Eduardo Arze Quiroga | |
Office: | Minister of Foreign Affairs and Worship |
President: | Víctor Paz Estenssoro |
Term Start: | 6 August 1960 |
Term End: | 8 January 1962 |
Predecessor: | Carlos Morales Guillen |
Successor: | José Fellman Velarde |
Birth Name: | Eduardo Arze Quiroga |
Birth Date: | 6 January 1907 |
Birth Place: | Cochabamba, Bolivia |
Death Place: | La Paz, Bolivia |
Party: | Revolutionary Nationalist Movement |
Education: | University of San Simón University of Rome |
Parents: | Enrique Arze Rita Quiroga |
Eduardo Arze Quiroga (6 January 1907 – 1 August 1989[1]) was a Bolivian scholar, journalist, politician, and diplomat who served as Minister of Foreign Affairs from 1960 to 1962 in the second cabinet of Víctor Paz Estenssoro.[2] Prior to that, he served in various diplomatic offices in the governments of Enrique Peñaranda and Gualberto Villarroel.[3]
Eduardo Arze Quiroga was born on 6 January 1907 in Cochabamba, the son of Enrique Arze and Rita Quiroga.[4] He studied Law at University of San Simón, graduating in 1927 before later studying at the Faculty of Social and Political Science of the University of Rome. Between 1921 and 1932 he served as editor-in-chief of the Cochabamba newspaper El Republicano. As a journalist, he was noted as an ardent supported of Daniel Salamanca.[5] Participating as a seargeant in the Chaco War, he was imprisoned for two years in Campo Grande in 1933.

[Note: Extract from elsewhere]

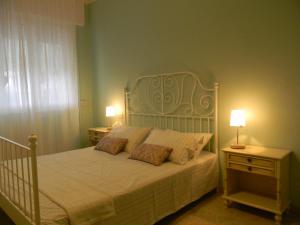 a bedroom with a bed with two night stands and two lamps at Villa Serena in Viareggio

Following his service, he worked as a professor at the University of San Simón Law School from 1937 and 1940. Between 1939 and 1940 he taught at the Superior War School in Cochabamba.
In 1940, Arze Quiroga was appointed private secretary of provisional President Carlos Quintanilla. When Quintanilla was appointed ambassador to the Holy See, Arze Quiroga accompanied him as secretary until 1941 when he was appointed chargé d'affaires by President Enrique Peñaranda, a position he held until 1942.[6]
Upon his return to Bolivia, Arze Quiroga emerged as a prominent leader of the Revolutionary Nationalist Movement.[7] In December 1943, he was named Under-Secretary at the Ministry of Foreign Affairs by junta president Gualberto Villarroel. In 1944, he was elected as a deputy for Cochabamba in the 1944–1945 Constituent Assembly which drafted the 1945 Political Constitution of the Republic. While exercising these functions, he was again appointed Under-Secretary for Foreign Affairs. He led the Bolivian delegation at the Chapultepec Conference. He accompanied Foreign Minister José Celestino Pinto as a member of the Bolivian delegation at the 1945 San Francisco Conference (which established the United Nations). His tenure ended with the fall of the Villarroel government on 21 July 1946.
In 1951, Arze Quiroga returned to politics, standing as the MNR candidate for Cochabamba senator and receiving 6,750 votes.[8] He played a prominent role during the transition of the National Revolution which followed the annulment of those elections. From 1952 to 1954 he served as the Bolivian ambassador to the United Nations. He briefly returned to Bolivia in 1955 when he was named Rector of the Higher University of San Simón but returned to diplomacy as Ambassador to Colombia between 1957 and 1959.
Finally, by Presidential Decree on 6 August 1960, he was appointed Minister of Foreign Affairs by President Víctor Paz Estenssoro. During his tenure, Arze Quiroga attended several international meetings and signed numerous agreements such as the Cultural Exchange Agreement with Czechoslovakia on 23 January 1961, the Economic Cooperation Agreement with Colombia on 2 August 1961, and the Dual Nationality Agreement with Spain on 12 October 1961.
Having fulfilled his functions, Arze Quiroga resigned from his post as Foreign Minister on 8 January 1962 and was subsequently named Ambassador to Argentina until 1964. That year, he withdrew from public positions as a result of the coup d'état which ousted the MNR from power in November. In 1973 he joined the Bolivian Academy of History, through presenting his thesis on the political philosophy of Daniel Salamanca, and began teaching History at Higher University of San Andrés in La Paz.
When Víctor Paz Estenssoro returned to office in 1985, he entrusted Arze Quiroga as Chief of Mission of the Embassy of Bolivia in Brazil. He remained in that diplomatic position for about two years.
Arze Quiroga died in La Paz in 1989.